## EXERCISE REQUIREMENTS
A verbatim repeat of the lines below is required, with the pictures removed.

## DATA
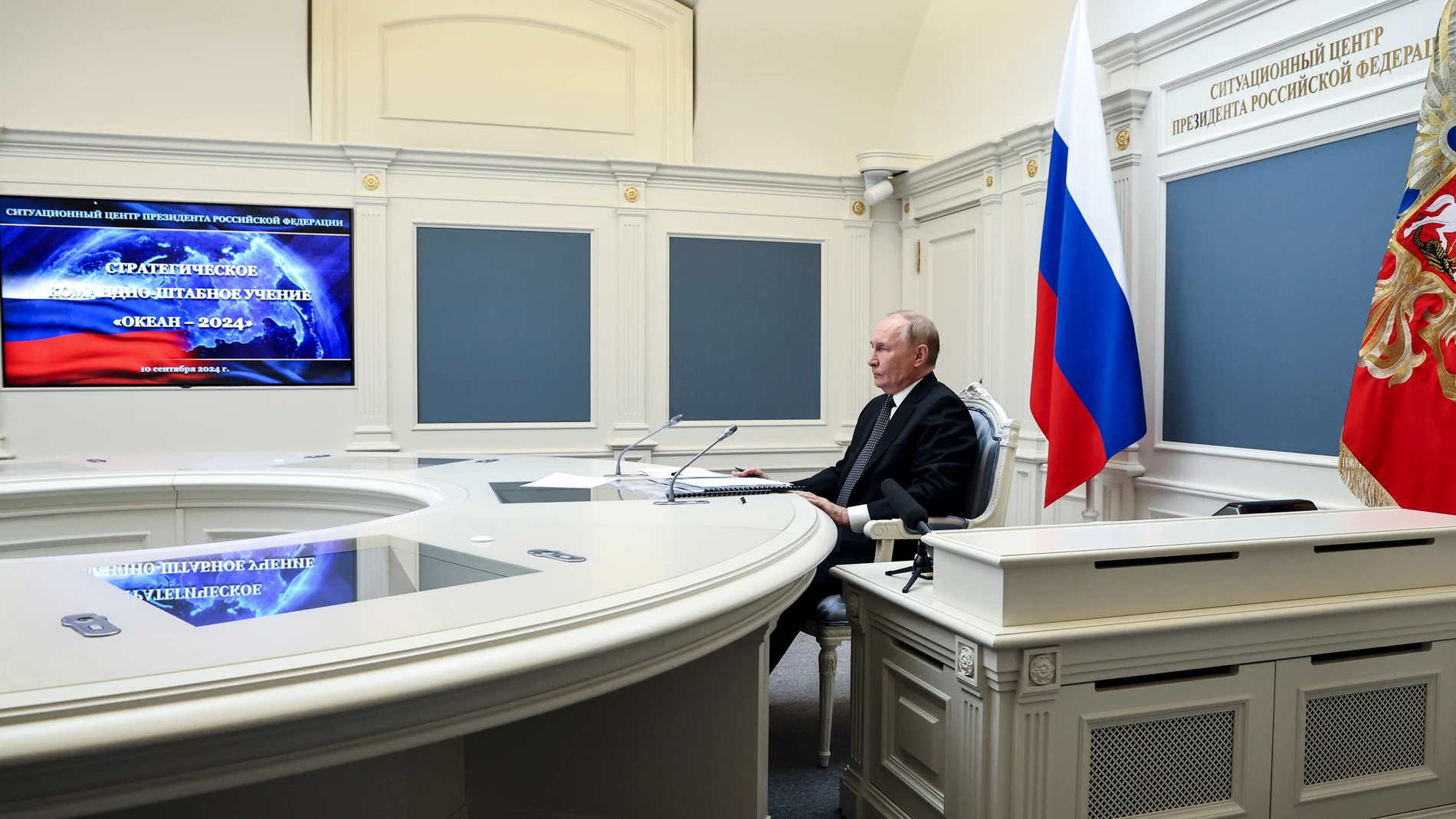 Russian President Vladimir Putin takes part in the beginning of the active phase of the large scale naval exercise as the Ocean-2024 drills via videoconference from the control center in the Kremlin in Moscow, Russia, Tuesday, Sept. 10, 2024. (Alexander Kazakov, Sputnik, Kremlin Pool Photo via AP)
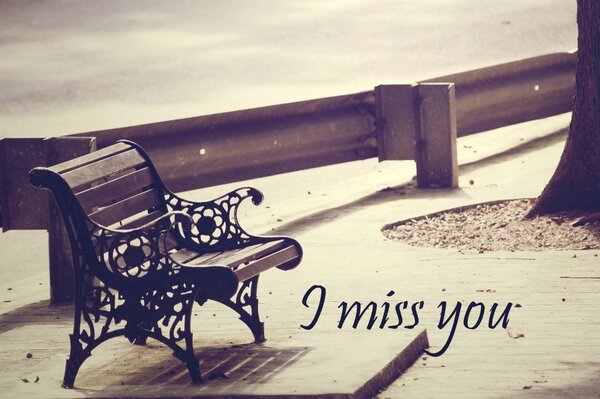 Black and white image of a lonely park bench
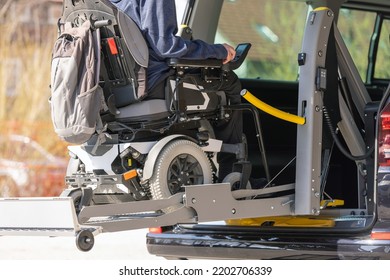 Accessible car with wheelchair lift ramp for person with disability.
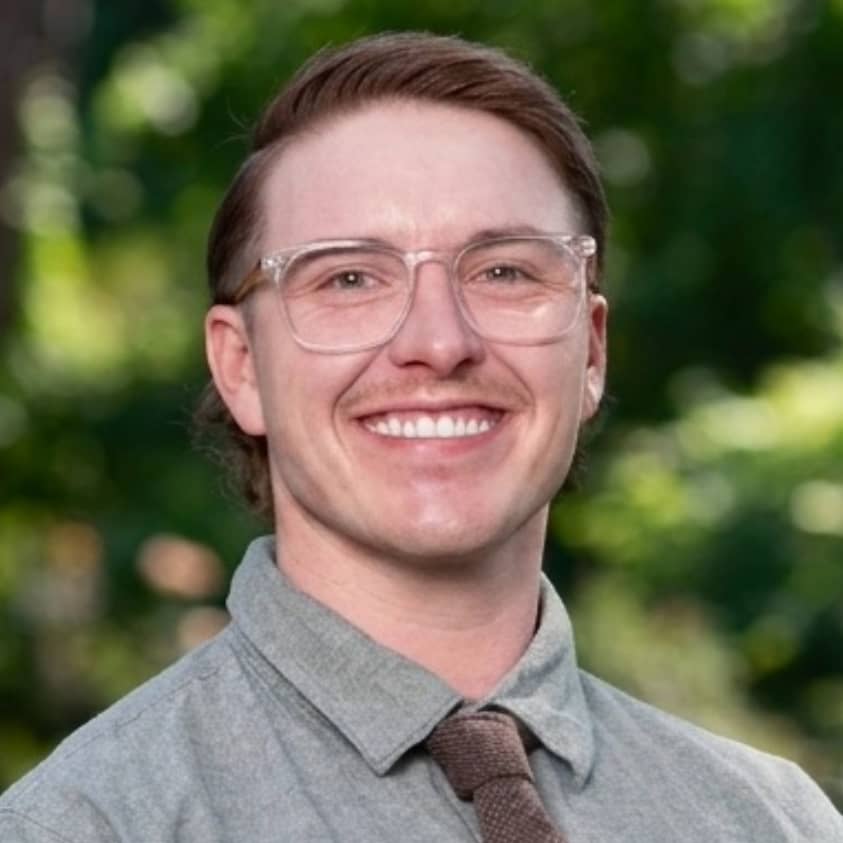 a person wearing glasses and a tie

## REPLY TO THE EXERCISE
 Russian President Vladimir Putin takes part in the beginning of the active phase of the large scale naval exercise as the Ocean-2024 drills via videoconference from the control center in the Kremlin in Moscow, Russia, Tuesday, Sept. 10, 2024. (Alexander Kazakov, Sputnik, Kremlin Pool Photo via AP)
 Black and white image of a lonely park bench
 Accessible car with wheelchair lift ramp for person with disability.
 a person wearing glasses and a tie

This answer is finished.